Tuesday, November 24, 2009

A Day with the Cranes

Paired for Life

From behind us, a rosy sun emerged above the stand of pines, glowing warmly on our backs and upon the breasts of the gathering birds, casting their gray feathers countless shades from icy white to slate blue, and lavender to silver. Growing steadily in size as more arrived from their overnight roosts in the marsh, the massing in the field stood around a shallow puddle, facing the warming rays, their red foreheads ablaze. Across the brightening sky, the stars stepped back and hundreds of tiny, dark specks became the long chains of the noisy birds, drawn to gather here each morning, and whose distant rattling calls began to fill the quiet of a cold, November dawn.

Ritual of the Dance

Those already on the ground danced and displayed, calling to their partners, standing with their young. While hundreds more dropped from the sky, joining the assembly from every direction. Out of perfectly synchronized spirals above the field, large groups turning as one, banking their 6-8 foot wingspans, landed--small parachutists floating gracefully to the grass. Then, they too, danced with their mate, this partner paired for life and tireless traveling companion. Barely heard between their constant calls, as the thousands of cranes filled Goose Pasture, was the airy whistle of the juvenile birds, this flight, their first of many.

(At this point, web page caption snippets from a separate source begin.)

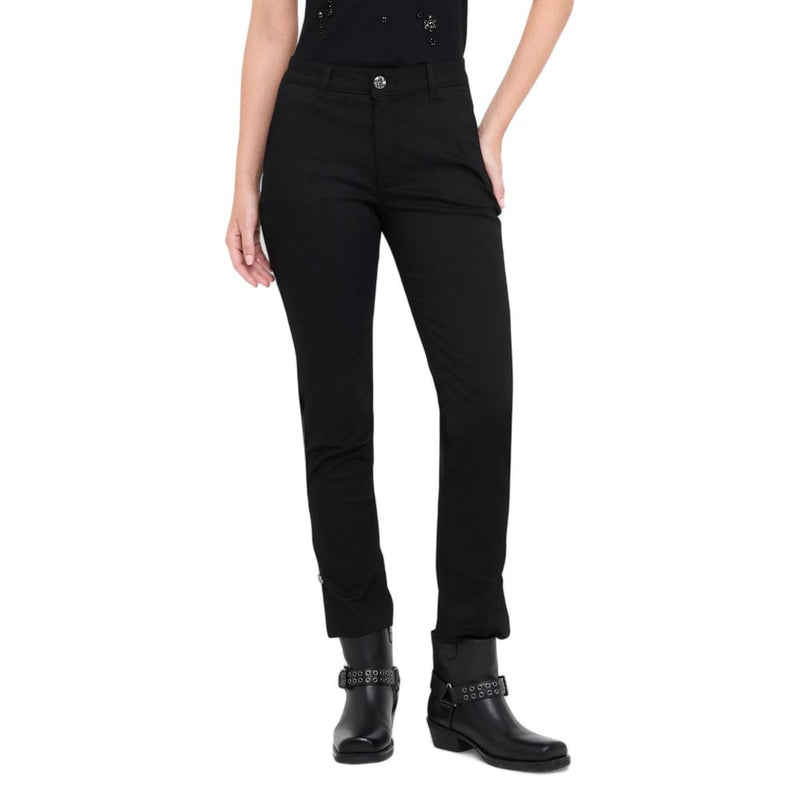 Liu Jo MF5401 T7144 Pantalons Cigarette Noirs en Coton pour Femmes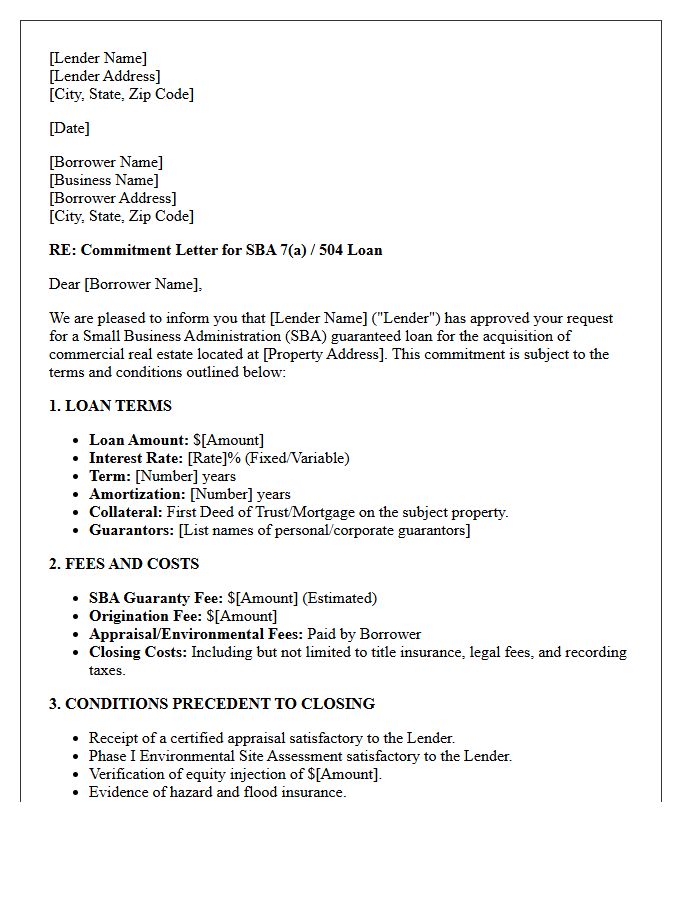 Commercial Real Estate Small Business Administration Loan Commitment Letter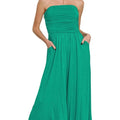 Emerald Strapless Beach Jumpsuit with Ruched Bodice women outfit ideas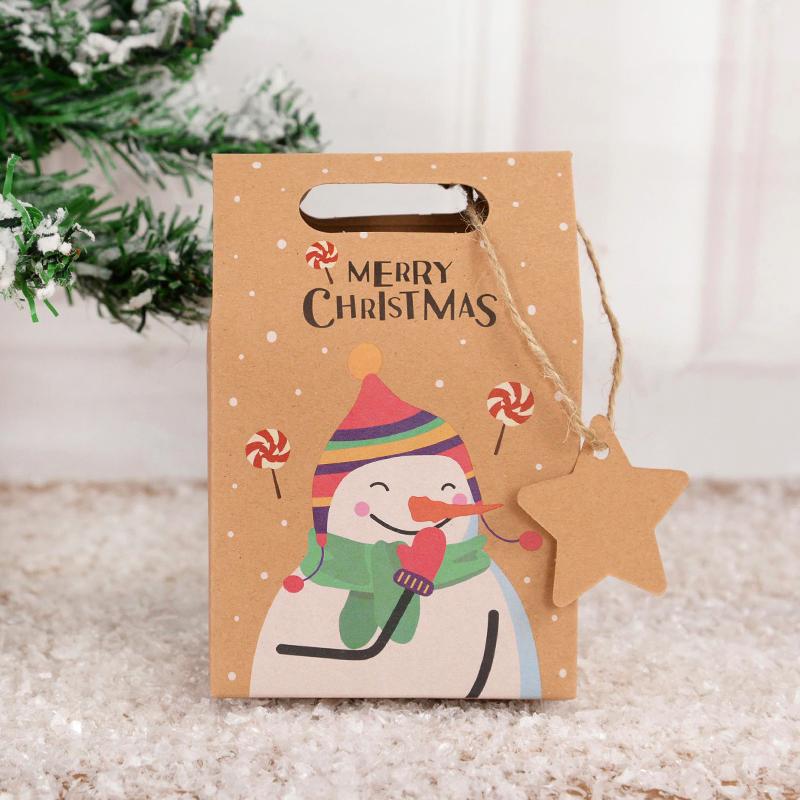 24Pcs Christmas Candy Gift Box with Tag Kraft Paper Cookie Snack Packing Bags 2024 Xmas Party Home Decoration New Year 2025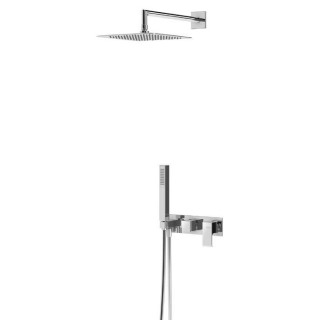 Dusch-set mit Armatur Unterputz i Handbrause Bruma Linea Kopfbrause 20 cm, Chrom - sanitbuy.pl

The Arrival of One Hundred

Goose Pasture,
Jasper-Pulaski Fish and Wildlife Area

For several hours, birds continued to arrive--in pairs, small family groups and even great strings. Then forming large flocks facing the sun and with a few effortless steps, they took noisily to the air, flying low and calling out above the tower. We watched them leave for the surrounding fields, their necks stretched forward and black legs trailing, red foreheads brilliant in mid-morning sun, dancers' toes pointed, nails curled. They did not seem to mind the flurry of camera shutters, as all locked onto their steady orange eyes, and wide wings took them from view.

Greater Sandhill Crane, Grus canadensis, in flight

Flying off to the fields to feed

Later that day, we drove the nearby roads and easily spotted groups of them, standing in contrast to the dark, fertile soil, gleaning spilled corn from the expansive harvested fields, miles beyond Goose Pasture. Great flocks soared overhead reaching extreme heights, riding thermals, wing-to-wing as afternoon skies turned to blue.

To Soar

Those that remained in the pasture for the day lined the grassy edge of the narrow drainage ditch--stepping in for a great, splashy bath; stepping out and preening in the warm, mid-day sun. With their long, dark bills, they probed the tender ground, raked the tall grass snagging small tidbits--earthworms, insects, and a small mouse-like mammal, which, with its discovery, became the object of much envy. Cranes beside the shallow puddle dozed in a one-legged stance, head tucked behind a wing. An occasional flutter would erupt from the otherwise calm crowd, and the pairs of cranes danced once again, bowing and raising their bills.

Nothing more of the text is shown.